Archives of Nethys

Pathfinder RPG (1st Edition) Starfinder RPG Pathfinder RPG (2nd Edition)

All Rules | Downtime Rules

Chapter 2: Character Creation / Alignment

How to Use Alignment

Source Starfinder Core Rulebook pg. 25
Alignment in Starfinder is a descriptive tool meant to help describe a given character’s personality, rather than a straitjacket determining what someone can or can’t do. A good character can still do evil, and an evil character can do good. In some cases, a GM may decide that an action is drastic enough to result in a shift of alignment (see Changing Alignment below). More often, though, it simply reflects the fact that alignment is not absolute—no mortal character is perfectly good or evil, lawful or chaotic. Differing cultural practices and belief systems, combined with the fact that even people (or gods!) who share similar values rarely see eye to eye on everything, mean that an alignment can encompass a wide range of contradictory beliefs and actions. A character might be generally kind, generous, and law abiding, yet hold some belief or prejudice that other characters find abhorrent. Another character might decide that killing one innocent in order to save many is a sad but acceptable course of action. Whether these characters could be considered lawful good is left up to you and your gaming group—and as with all rules, the GM is the ultimate arbiter of what it means to be a given alignment.

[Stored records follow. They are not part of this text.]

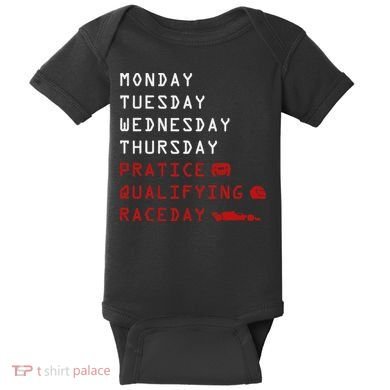 Monday Tuesday Thursday Practice Qualifying Race Day Baby Bodysuit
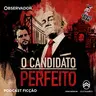 Estreia. Podcast Ficção “O Candidato Perfeito”. Episódio 1: Sem limites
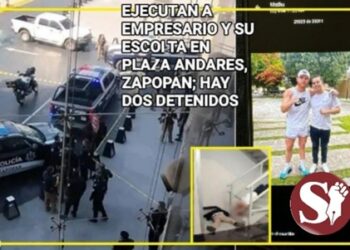 EJECUTAN A EMPRESARIO Y SU ESCOLTA EN PLAZA ANDARES, ZAPOPAN; HAY DOS DETENIDOS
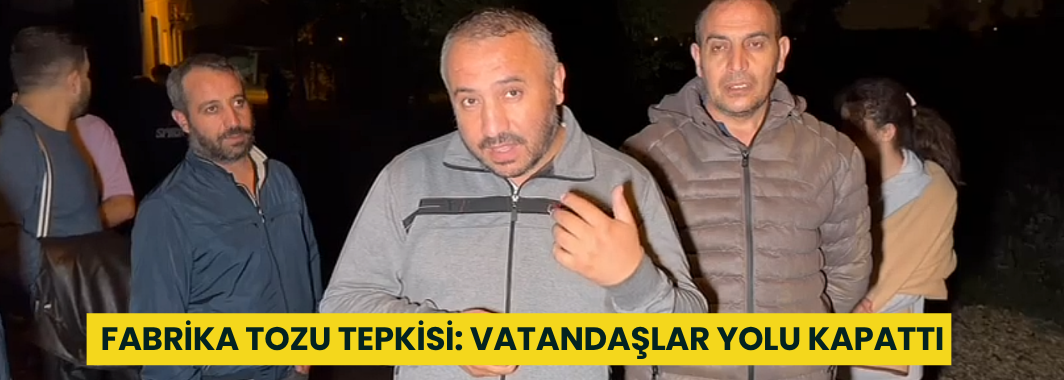 Düzce’de Fabrika Tozu Tepkisi: Vatandaşlar Yolu Kapattı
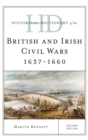 Image for Historical dictionary of the British and Irish civil wars, 1637-1660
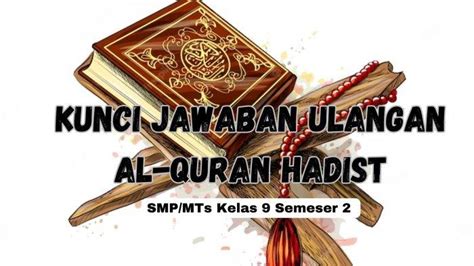 Kunci Jawaban Ulangan Al Quran Hadis Madrasah Tsanawiyahmts Kelas 9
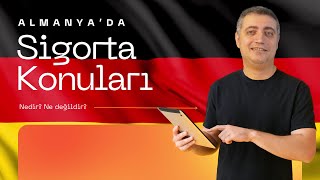 Almanya’da Sigortalar: Hangisi Gerekli, Hangisi Gereksiz?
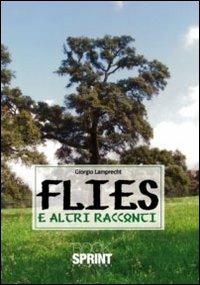 Flies e altri racconti - Giorgio Lamprecht - copertina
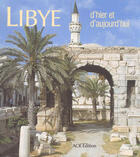 Couverture du livre « Libye d'hier et d'aujourd'hui » de  aux éditions Acr
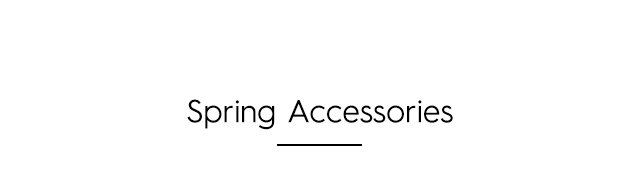 Headline - Spring Accessories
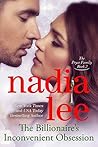 The Billionaire's Inconvenient Obsession by Nadia Lee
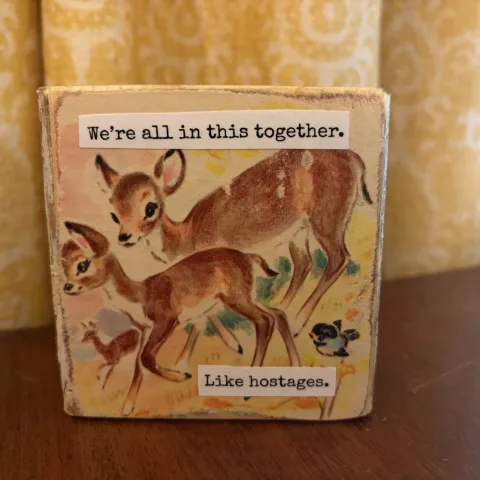 We're all in this together (Deer)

In addition to its use for individual characters, alignment is also listed in stat blocks for creatures and races. The listed alignment doesn’t represent something hard-coded into a creature’s genes, but rather the most common alignment found in the species or society. With the exception of outsiders like angels or devils who are literally physical manifestations of certain alignments or ideologies, individuals of any species can be of any alignment, and under the right circumstances, an individual creature from a race normally described with one alignment may buck the trend and turn out to be quite different.

Alignment, like the moral philosophies it attempts to represent, is messy, uncertain, and culturally relative, but the ultimate goal of Starfinder is to have fun. If you don’t enjoy the interactions facilitated by the alignment system, feel free to ignore it altogether.

Changing Alignment

While certain forms of magic may operate differently depending on a character’s alignment, and gods rarely grants spells to worshipers whose alignments oppose their own, alignment in Starfinder is primarily a storytelling aid rather than a rule. If a GM feels a player’s actions aren’t reflecting his character’s chosen alignment, she should let him know—and if the divergence is extreme enough, she may allow or require the player to change his character’s alignment accordingly. Likewise, if a player wants to alter his character’s alignment to reflect shifts in his character, he should talk with his GM about making that change (though frequent changes likely represent a chaotic alignment).

Alignment Steps

Occasionally the rules dealing with alignment refer to “steps”— this means the number of alignment shifts between two alignments (as they appear on the Alignment diagram above). Note that diagonally adjacent alignments are separated by two “steps”; a lawful neutral character is one step away from a lawful good alignment and three steps from chaotic evil.